Любимая женщина Альфреда Нобеля
Нобелевская премия, немыслимым счастьем обрушивающаяся на нескольких избранников каждую осень и сопровождаемая сложнейшей церемонией внесения их имен в вечные скрижали знания, — уже сама по себе миф. Какой исследователь. даже самый скромный, не мечтает о ней — эдаком маршальском жезле, получаемом из рук шведского короля в Большом концертном зале Стокгольма вместе с правом на по меньшей мере пять публичных выступлений и чеком на сумму около миллиона долларов?[25] Премированного специалиста по физике элементарных частиц или генетике вирусов пред камерами всех ведущих телекомпаний мира будут спрашивать, что он думает об эволюции общества, о долгах стран третьего мира или о судьбе демократии... если он еще не потерял голову от избытка чувств. Как и астронавтов, так никогда и не оправившихся после прогулок по Луне, или обладателей крупных выигрышей в лото, неспособных свыкнуться с мыслью о внезапной удаче, так и избранников Нобелевского комитета на вершине их научной славы случается увидеть погруженными в трансцендентальную медитацию.

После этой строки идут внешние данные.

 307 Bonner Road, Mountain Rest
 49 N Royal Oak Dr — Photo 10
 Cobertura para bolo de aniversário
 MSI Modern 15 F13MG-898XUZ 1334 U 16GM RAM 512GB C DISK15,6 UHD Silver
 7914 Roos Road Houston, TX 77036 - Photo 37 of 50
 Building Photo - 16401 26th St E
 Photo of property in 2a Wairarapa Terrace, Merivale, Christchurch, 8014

Главное отличие Нобелевской премии от всех прочих в том, что она наиболее щедро дотируема. В самом начале ее существования, в 1901 году, предполагалось, что она составит примерно 200 тысяч франков, но благодаря умелым действиям управляющих Нобелевским фондом премия достигла своего нынешнего уровня. Далее, неподкупность жюри, связываемая также с политической нейтральностью Швеции, считается — справедливо или нет — вне подозрений. Наконец, ежегодное избрание чемпионов мысли замечательно тем, что уже само по себе служит свидетельством безостановочного прогресса в познании и магическим образом соединяет два понятия, бычно несовместимые: исследовательский труд и деньги. Не случайно с момента своего возникновения Нобелевские премии вызывали повышенный интерес к себе со стороны прессы, особенно во Франции — стране Почетного легиона и школьных наград для отличников.

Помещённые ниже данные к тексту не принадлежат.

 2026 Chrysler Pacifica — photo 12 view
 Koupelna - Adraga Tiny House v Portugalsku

Если же говорить о двойственности, без которой не смог бы существовать никакой миф, то здесь она особенно отчетлива: Альфред Нобель на протяжении некоторого времени имел репутацию безумца (особенно когда в 1864 году взорвался его шведский завод), а потом стал отшельником, пацифистом и гуманистом. В основном именно «динамитные» деньги идут в награду тем, кто потрудился, по словам завещания, «ради наивысшего блага человечества». То, что на Нобелевскую премию мира идут проценты с прибылей транснационального концерна, специализирующегося на торговле оружием. сегодня кажется удивительным, однако прекрасно укладывается в рамки философии прогресса времен Belle Époque. «Я хотел бы изобрести, — писал Альфред Нобель, — оружие или взрывчатое вещество, обладающее такой разрушительной силой, чтобы никакое правительство не решилось его использовать». Милая наивность в духе fin-de-siècle[26], придающая премии изысканный оттенок утопизма — конечно, старомодного, но до чего же трогательного!